Skip the pictures and copy all the data that follows exactly.
------ Available data ------
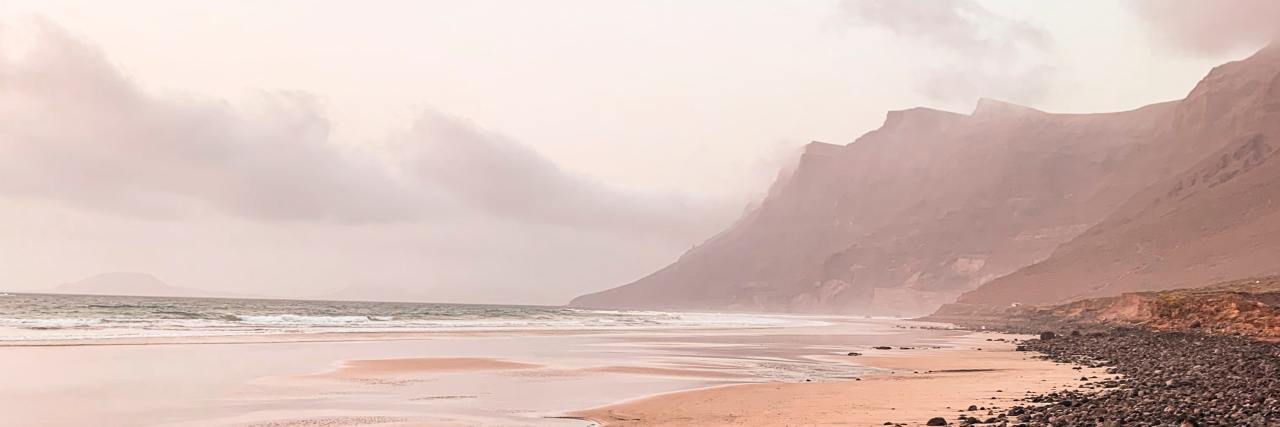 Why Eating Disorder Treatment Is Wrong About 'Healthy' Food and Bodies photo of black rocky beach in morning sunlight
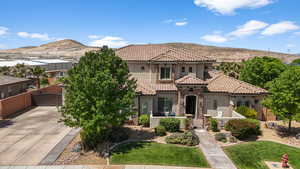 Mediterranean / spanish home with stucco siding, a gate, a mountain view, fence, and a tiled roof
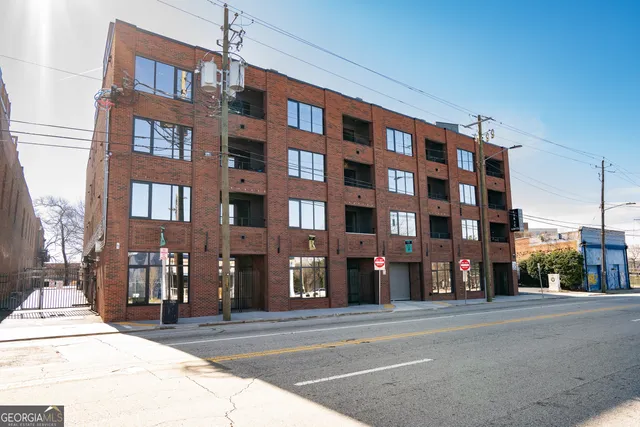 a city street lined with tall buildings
------
Result of this exercise:
 Why Eating Disorder Treatment Is Wrong About 'Healthy' Food and Bodies photo of black rocky beach in morning sunlight
 Mediterranean / spanish home with stucco siding, a gate, a mountain view, fence, and a tiled roof
 a city street lined with tall buildings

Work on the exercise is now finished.